Chi era Pietro Migone? Aveva fatto la carriera diplomatica ed era stato ambasciatore d’Italia in Costa Rica e in Irlanda, dove poi è rimasto con la moglie e le figlie. Genovese e nipote del vescovo ausiliare di Genova mons. Giacomo De Amicis, nel 1923 Pietro Migone va nel seminario del Pime a Genova (aveva 14 anni) e conosce Clemente, col quale rimane in contatto quando pochi mesi dopo diventa prete e parte per la Birmania e si scrivono fino alla morte del missionario. Migone morì qualche anno dopo Clemente di ictus. Ecco cosa ha dichiarato la moglie al processo:

So che mio marito aveva moltissime lettere di padre Vismara e le ha consegnate tutte al postulatore, padre Piero Gheddo, perché le conservi nell’Archivio di padre Vismara. Ciò che aveva colpito mio marito (e me con lui) era il suo entusiasmo per andare a salvare le anime, per andare ad aiutare i più bisognosi senza risparmiarsi, senza temere disagi viaggi (in quelle terre così scomode) per raggiungere tutti quelli che poteva. Io abito in Irlanda, terra di missionari, che spesso rimangono impressionati quando parlo loro di questo missionario che non volle mai tornare indietro, per darsi tutto all’annunzio del Vangelo.

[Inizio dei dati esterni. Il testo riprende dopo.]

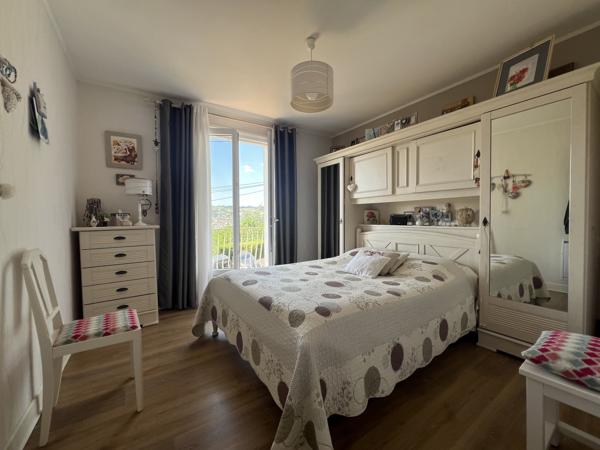 Maison avec Panorama AURILLAC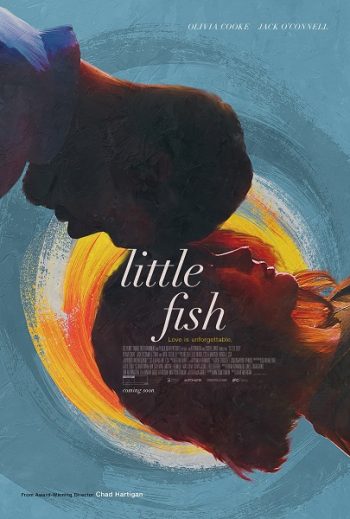 LITTLE FISH (2020) รั้งรักไว้ไม่ให้ลืม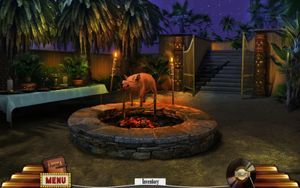 Hidden Mysteries: Gates of Graceland screenshot 2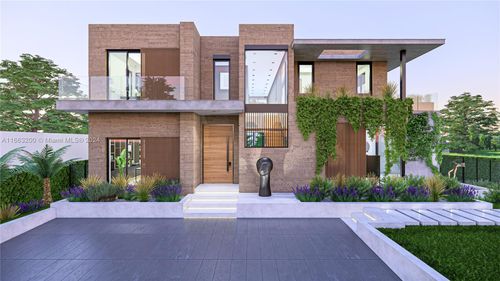 4430 Nautilus Dr, Miami Beach, FL, 33140-2826 | Card Image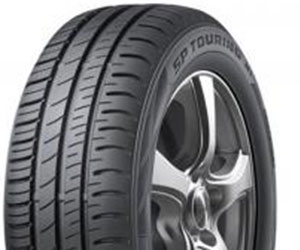 Neumático Dunlop SP TOURING R1 165/65 R14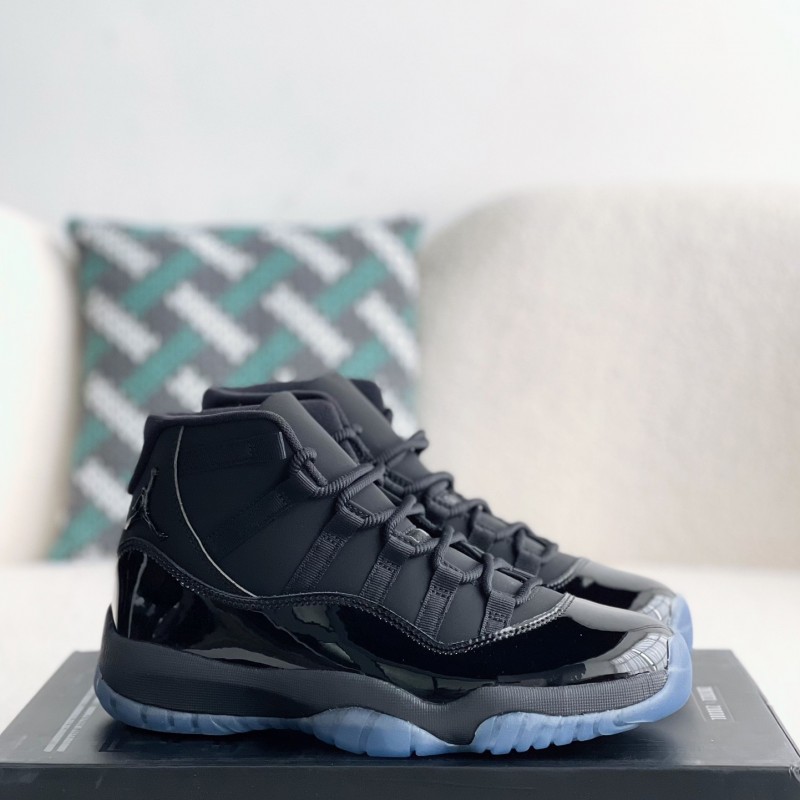 Jordan Air Jordan 11 retro cap and gown
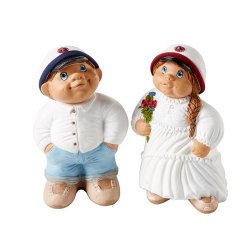 Klarborg Student Dreng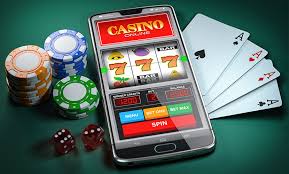 Experience Online Casino Now Onlayn kazino təcrübəsini indi yaşa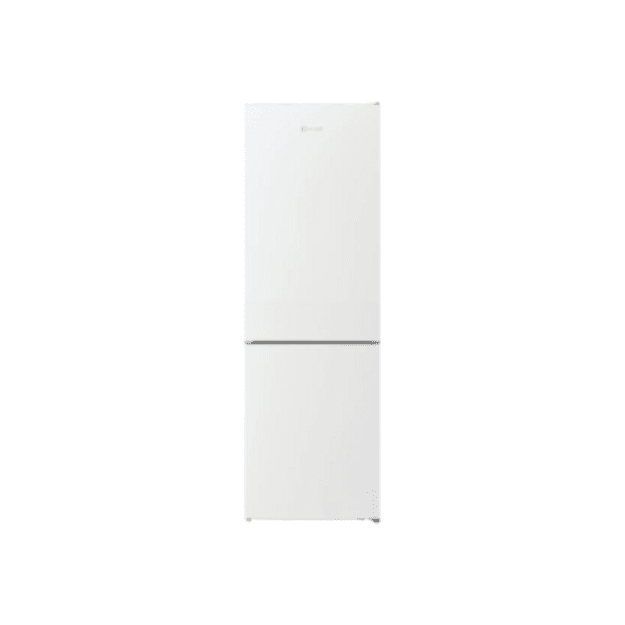 INDESIT Refrigerator | INKS 1361 W4E1 | Energy efficiency class E | Free standing | Combi | Height 185.2 cm | Fridge net capacit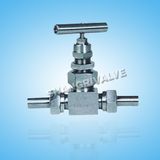 API Needle Valve (Type: JJM)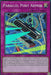 Parallel Port Armor [CIBR-ENSE4] Super Rare - for just $0.10! 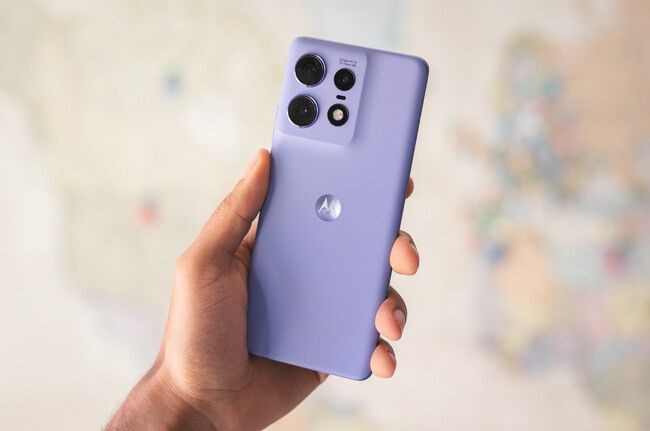 celulares y tabletas - oferta motolora edge 50 pro 5g 0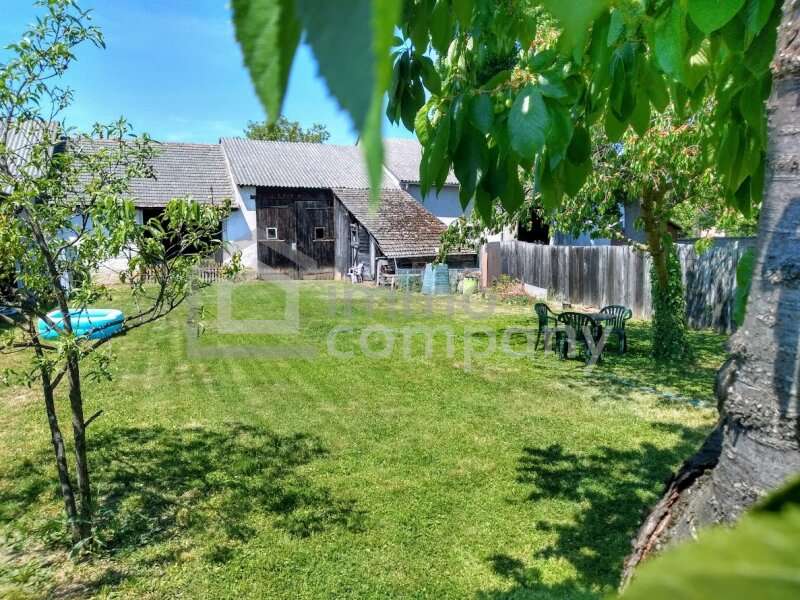 Einfamilienhaus in 7361 Lutzmannsburg - 1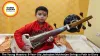 The Young Maestro: 9-Year-Old Jashojeet Mukherjee Strings a Path to Glory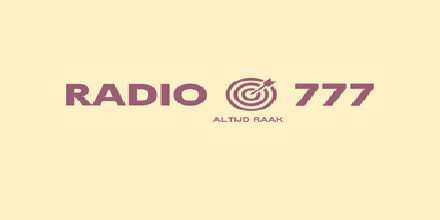 Radio 777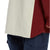 Burton Retro Anorak Almond Milk Multi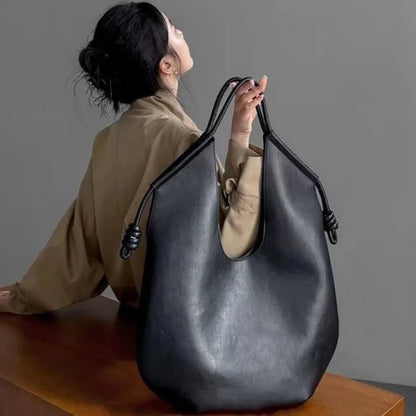 The Cloud Nine Tote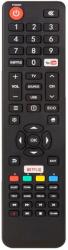 înlocuitoare Kruger& Matz 43SFHD20, KM0243FHD, KM0255UHD, KM0265UHD, KM0275UHD - telecomandă înlocuitoare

Tutte le lettere di padre Vismara trasudavano fede, fiducia, ottimismo, anche quando descrivevano situazioni difficili e pericolose, anche quando il comunismo e i cinesi crearono urgenti pericoli e preoccupazioni. La sua fu certamente una fede eccezionale! Dalle sue lettere emergeva chiaramente il suo riferimento a Dio ed alla Madonna, la sua fiducia nella Provvidenza che non avrebbe mai mancato di aiutare i piccoli e i poveri della sua missione.
Straordinaria la sua carità, non solo come aiuto al prossimo, ma come amore per Dio. Quante volte leggevo nelle sue lettere: “Per questa gente farei qualsiasi cosa”. Si sentiva veramente padre per loro, per i bambini orfani. Io e io marito ci dicevamo: “Deve avere una fede straordinaria per mettere in pratica così il Vangelo, per amare tutti indistintamente”.
Io credo che padre Vismara possa essere un vero esempio per i giovani. Lo sperimento io stessa quando ne parlo alle mie figlie, così come rimanevano impressionate quanto mio marito e io ne parlavamo con loro.

Io e mio marito, di cui mi faccio portavoce, siamo favorevolissimi alla canonizzazione di padre Vismara. Mio marito desiderava ardentemente che padre Vismara fosse beatificato. Ricordo quante volte diceva: “Mi piacerebbe vederlo Beato!”. Lui, poi, sapeva bene cosa volesse dire perché aveva partecipato alla beatificazione di don Orione. Con la beatificazione di padre Vismara si potrebbe conoscere quest’uomo straordinario, si darebbe alla gente un modello da seguire e imitare. Certo la sua fede e la sua carità erano ben superiori alla media comune delle persone, ma proprio per questo egli potrebbe essere di esempio e di stimolo. Tanto più che non visse nella tranquillità, non parlò solamente, ma donò tutto se stesso. E’ l’esempio della sua vita che si fa testimonianza. Mio marito lo pregava da sempre e so dal carteggio che ebbe con padre Gheddo a proposito di padre Vismara, che mio marito lo pregava sempre e aveva ricevuto una grazia da lui. Purtroppo l’ictus che colpì mio marito e la sua successiva morte hanno impedito di sviluppare ulteriormente la cosa (pagg. 263-265 della “Positio”).